ORDERED that the order is affirmed insofar as appealed from, without costs or disbursements.
The parties, who were never married, are the parents of one daughter, born in Kentucky in October 2010. At the time, the father was a college student in Kentucky and the mother lived there. In 2013, when the father graduated, he returned to New York, and the child remained with the mother. Thereafter, the child visited the father in New York during the summers and holidays. After a summer visit in 2015, however, the father enrolled the child in school in New York and did not return her to the mother. The child stayed in the paternal grandparents' home, and the parties entered into a stipulation by which the child would remain there to finish the school year. [*2]The father did not return the child to the mother at the end of the school year. The father and mother each separately petitioned for custody of the child. The Family Court awarded sole legal and residential custody to the mother. The father appeals.
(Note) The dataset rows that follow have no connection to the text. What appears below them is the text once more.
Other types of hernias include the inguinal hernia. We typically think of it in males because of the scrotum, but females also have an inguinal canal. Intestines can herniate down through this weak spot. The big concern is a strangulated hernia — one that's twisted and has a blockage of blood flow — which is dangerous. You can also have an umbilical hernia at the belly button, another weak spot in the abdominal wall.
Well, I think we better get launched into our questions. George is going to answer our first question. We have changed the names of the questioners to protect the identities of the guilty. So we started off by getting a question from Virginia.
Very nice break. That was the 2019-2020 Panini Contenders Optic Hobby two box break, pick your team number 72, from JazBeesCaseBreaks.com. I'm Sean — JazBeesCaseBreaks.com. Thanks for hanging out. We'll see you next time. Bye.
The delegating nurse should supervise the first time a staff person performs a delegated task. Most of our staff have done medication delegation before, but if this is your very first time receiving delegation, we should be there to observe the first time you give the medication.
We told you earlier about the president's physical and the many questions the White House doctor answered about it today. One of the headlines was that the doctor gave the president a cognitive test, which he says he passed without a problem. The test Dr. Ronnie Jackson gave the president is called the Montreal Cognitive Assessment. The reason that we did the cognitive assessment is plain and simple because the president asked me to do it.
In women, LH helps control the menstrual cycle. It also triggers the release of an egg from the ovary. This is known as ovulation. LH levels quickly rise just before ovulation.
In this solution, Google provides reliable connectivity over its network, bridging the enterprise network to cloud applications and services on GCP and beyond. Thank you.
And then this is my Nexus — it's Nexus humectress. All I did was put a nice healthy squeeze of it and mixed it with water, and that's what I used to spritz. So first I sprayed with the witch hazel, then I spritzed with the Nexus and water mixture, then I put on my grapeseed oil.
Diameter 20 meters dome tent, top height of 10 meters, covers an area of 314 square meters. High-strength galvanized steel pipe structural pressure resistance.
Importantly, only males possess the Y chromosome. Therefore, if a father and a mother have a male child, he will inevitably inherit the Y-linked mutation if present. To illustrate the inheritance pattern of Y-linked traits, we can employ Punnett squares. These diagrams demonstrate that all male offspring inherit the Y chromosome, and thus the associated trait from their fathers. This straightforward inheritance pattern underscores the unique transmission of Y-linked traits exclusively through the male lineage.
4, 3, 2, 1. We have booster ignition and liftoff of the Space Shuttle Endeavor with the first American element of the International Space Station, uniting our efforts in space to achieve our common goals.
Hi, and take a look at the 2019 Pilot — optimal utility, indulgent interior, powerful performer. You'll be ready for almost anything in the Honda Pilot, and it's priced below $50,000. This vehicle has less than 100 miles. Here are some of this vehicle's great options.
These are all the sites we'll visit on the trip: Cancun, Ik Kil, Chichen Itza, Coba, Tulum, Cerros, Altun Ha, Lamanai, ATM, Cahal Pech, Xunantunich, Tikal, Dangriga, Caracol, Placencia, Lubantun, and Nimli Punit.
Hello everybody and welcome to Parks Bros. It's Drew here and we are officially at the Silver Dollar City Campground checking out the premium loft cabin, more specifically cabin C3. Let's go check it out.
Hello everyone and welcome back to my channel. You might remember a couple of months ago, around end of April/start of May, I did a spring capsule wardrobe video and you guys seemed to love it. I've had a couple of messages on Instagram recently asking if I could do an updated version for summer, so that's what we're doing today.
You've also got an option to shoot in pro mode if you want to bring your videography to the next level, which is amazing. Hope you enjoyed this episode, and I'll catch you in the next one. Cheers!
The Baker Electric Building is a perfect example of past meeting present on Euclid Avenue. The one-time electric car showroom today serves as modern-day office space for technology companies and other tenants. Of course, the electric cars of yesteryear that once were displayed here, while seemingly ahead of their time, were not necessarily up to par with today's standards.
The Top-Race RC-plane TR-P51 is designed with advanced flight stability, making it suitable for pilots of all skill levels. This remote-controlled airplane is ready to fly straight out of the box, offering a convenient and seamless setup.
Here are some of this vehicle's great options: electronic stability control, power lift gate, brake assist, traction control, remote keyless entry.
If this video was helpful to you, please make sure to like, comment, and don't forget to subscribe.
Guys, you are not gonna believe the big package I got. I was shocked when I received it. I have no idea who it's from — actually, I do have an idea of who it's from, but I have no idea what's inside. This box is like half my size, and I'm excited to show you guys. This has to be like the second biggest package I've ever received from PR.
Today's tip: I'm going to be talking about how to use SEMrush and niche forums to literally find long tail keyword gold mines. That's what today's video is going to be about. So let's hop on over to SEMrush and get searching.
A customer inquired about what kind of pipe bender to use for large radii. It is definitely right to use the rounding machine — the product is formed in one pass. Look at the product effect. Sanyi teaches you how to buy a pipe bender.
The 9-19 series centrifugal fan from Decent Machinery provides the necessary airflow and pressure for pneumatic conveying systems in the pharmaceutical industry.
The paramount concern in custody disputes is the best interests of the child (see Eschbach v Eschbach, 56 NY2d 167, 171; Matter of Brooks v Hall, 158 AD3d 680). "Custody determinations depend to a great extent upon a hearing court's assessment of the credibility of the witnesses and of the character, temperament, and sincerity of the parties" (Matter of Recher v Velez, 143 AD3d 828, 829). A hearing court's custody determination will not be disturbed unless it lacks a sound and substantial basis in the record (see Matter of Gooler v Gooler, 107 AD3d 712). Here, the Family Court's determination that the child's best interests would be served by awarding sole legal and residential custody to the mother has a sound and substantial basis in the record and will not be disturbed (see Matter of Recher v Velez, 143 AD3d 828; Matter of Gasby v Chung, 88 AD3d 709).
The father's remaining contentions are without merit.
DILLON, J.P., CHAMBERS, MALTESE and BARROS, JJ., concur.